The job of a code review is to determine what is being done well as well as what can be done better. It is not a witch-hunt. By sharing these findings, the top echelon of developers and brain new junior developers can all learn to be better developers. They can develop the style that meets team’s needs. However, the same things that can be helpful for one group or team may not be helpful to another. Creating things like coding standards and code analysis rules can be helpful in some organizations. Creating an overly stressful environment of giving people, what they can do and what they cannot do — is not helpful in every case.
Why Review Code?
Code review is an essential mechanism that allows programmers get feedback about their code. Code review techniques are also employed to maintain standards of quality, improve performance, and provide credibility.

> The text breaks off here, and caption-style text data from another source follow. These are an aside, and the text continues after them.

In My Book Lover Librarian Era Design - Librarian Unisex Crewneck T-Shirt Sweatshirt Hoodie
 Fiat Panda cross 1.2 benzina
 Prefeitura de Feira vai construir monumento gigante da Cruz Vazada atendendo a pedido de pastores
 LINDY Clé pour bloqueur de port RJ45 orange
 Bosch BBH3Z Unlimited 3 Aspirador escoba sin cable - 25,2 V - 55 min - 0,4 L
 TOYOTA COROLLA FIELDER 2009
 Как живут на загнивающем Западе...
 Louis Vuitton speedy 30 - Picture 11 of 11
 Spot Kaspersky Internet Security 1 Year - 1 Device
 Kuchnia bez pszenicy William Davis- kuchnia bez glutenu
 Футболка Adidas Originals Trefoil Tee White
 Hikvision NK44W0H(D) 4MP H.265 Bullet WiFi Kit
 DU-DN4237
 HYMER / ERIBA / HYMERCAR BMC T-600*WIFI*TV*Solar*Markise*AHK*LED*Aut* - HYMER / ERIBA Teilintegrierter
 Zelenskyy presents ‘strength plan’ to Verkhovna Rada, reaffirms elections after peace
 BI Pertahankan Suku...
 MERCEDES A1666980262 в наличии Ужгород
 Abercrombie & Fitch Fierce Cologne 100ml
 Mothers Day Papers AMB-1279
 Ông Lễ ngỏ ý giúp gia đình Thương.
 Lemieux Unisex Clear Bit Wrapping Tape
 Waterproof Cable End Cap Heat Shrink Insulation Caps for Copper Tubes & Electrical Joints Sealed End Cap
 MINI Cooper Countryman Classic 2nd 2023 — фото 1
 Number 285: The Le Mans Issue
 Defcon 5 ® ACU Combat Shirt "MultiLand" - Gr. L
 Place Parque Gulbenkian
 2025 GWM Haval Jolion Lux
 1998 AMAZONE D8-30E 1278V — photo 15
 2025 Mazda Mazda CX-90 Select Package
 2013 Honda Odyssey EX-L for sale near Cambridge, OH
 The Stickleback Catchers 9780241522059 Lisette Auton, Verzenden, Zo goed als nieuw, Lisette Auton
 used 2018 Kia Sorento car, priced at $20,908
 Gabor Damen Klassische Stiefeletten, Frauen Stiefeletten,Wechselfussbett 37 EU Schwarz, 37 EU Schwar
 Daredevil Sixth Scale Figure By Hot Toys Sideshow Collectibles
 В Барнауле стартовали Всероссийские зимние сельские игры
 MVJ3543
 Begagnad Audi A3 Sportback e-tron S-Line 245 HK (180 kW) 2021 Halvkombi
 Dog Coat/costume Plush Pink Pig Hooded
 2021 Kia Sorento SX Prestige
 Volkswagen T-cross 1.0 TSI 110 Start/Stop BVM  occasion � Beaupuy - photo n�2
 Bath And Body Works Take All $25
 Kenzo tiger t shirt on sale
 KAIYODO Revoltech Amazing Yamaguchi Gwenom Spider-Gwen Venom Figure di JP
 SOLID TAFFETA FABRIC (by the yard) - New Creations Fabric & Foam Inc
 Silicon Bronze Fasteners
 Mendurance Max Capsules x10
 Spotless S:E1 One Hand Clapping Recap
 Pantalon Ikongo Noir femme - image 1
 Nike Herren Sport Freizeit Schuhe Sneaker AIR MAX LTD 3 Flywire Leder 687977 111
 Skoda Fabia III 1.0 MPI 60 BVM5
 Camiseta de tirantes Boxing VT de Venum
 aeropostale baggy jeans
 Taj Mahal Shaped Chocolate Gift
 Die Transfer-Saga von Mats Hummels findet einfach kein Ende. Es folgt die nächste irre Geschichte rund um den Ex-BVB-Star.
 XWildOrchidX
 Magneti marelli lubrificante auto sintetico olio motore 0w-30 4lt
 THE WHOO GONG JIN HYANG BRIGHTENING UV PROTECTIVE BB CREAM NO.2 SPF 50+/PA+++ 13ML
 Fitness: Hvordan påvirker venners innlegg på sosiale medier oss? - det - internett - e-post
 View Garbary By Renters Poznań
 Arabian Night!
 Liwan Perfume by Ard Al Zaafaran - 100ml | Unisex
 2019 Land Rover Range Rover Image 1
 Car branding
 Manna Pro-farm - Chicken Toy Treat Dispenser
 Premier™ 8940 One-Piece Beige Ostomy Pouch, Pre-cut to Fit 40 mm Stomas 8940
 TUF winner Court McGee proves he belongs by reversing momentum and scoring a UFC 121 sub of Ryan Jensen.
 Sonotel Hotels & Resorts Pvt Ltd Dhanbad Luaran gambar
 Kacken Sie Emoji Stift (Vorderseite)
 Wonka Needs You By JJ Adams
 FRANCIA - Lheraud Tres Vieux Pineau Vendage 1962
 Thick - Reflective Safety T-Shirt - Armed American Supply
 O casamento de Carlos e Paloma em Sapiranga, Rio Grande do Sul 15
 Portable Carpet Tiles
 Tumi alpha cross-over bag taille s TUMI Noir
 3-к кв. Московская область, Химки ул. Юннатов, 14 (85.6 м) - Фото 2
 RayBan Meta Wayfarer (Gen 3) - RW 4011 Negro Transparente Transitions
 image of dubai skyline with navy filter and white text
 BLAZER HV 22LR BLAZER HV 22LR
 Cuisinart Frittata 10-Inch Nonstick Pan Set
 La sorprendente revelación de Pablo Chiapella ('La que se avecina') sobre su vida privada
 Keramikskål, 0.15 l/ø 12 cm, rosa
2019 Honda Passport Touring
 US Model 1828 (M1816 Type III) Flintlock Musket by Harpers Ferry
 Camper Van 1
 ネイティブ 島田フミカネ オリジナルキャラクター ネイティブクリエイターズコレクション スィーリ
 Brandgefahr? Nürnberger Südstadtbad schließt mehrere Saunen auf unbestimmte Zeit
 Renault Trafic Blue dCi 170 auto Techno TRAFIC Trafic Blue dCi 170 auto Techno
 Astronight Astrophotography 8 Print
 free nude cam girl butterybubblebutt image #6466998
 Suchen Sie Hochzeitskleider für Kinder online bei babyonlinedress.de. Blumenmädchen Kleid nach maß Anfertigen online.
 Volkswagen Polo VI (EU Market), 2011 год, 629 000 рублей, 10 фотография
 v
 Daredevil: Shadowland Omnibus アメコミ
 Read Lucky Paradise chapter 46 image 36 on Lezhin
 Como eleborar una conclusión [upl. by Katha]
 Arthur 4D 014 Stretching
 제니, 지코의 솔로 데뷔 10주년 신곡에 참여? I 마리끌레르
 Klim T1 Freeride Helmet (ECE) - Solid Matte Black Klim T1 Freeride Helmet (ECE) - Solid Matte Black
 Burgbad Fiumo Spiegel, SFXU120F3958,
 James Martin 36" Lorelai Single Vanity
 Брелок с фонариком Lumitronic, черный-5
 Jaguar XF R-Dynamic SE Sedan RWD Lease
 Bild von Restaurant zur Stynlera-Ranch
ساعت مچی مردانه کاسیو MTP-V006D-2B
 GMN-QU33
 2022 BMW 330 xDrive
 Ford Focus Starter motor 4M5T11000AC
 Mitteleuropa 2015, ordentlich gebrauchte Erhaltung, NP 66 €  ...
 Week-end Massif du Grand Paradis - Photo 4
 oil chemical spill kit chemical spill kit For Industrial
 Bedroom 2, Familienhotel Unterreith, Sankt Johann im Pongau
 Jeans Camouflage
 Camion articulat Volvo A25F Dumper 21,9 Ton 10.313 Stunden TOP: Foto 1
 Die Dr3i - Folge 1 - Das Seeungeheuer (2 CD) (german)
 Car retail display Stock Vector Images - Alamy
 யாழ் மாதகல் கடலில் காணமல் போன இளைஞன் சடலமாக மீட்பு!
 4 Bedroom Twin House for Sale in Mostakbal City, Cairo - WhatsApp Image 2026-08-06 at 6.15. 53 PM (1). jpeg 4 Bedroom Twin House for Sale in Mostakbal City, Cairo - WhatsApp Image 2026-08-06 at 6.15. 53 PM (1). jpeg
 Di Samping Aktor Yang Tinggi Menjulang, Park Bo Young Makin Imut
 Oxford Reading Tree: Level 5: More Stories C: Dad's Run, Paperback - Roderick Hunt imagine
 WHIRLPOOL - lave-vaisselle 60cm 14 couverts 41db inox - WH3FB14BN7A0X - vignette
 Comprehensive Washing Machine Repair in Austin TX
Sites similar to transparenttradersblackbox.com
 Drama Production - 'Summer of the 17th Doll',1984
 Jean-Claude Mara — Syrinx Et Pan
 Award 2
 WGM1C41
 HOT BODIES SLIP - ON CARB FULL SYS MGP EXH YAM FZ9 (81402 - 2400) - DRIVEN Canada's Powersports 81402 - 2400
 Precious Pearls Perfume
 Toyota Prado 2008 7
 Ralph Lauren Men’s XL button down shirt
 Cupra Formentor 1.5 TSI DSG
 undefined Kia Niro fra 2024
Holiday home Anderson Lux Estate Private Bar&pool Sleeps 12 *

Within your organization, you could be reviewing code and should be reviewing code as well. This is not something you can bring in outside out to do in a systemic sense. You going to want your team, your groups or even individual developers to be looking back at what they have written to learn from it. Again, this is about learning opportunity. Therefore, we do code reviews because we want to improve the quality of the team, improve the quality of the communication between team members (and often between teams) improve the quality of the code, and the last thing you are going to be looking for when you review code is to find coding problems. All four of these are equally important. Again, doing code reviews is going to allow you to improve all four of these elements. Not just one or the other.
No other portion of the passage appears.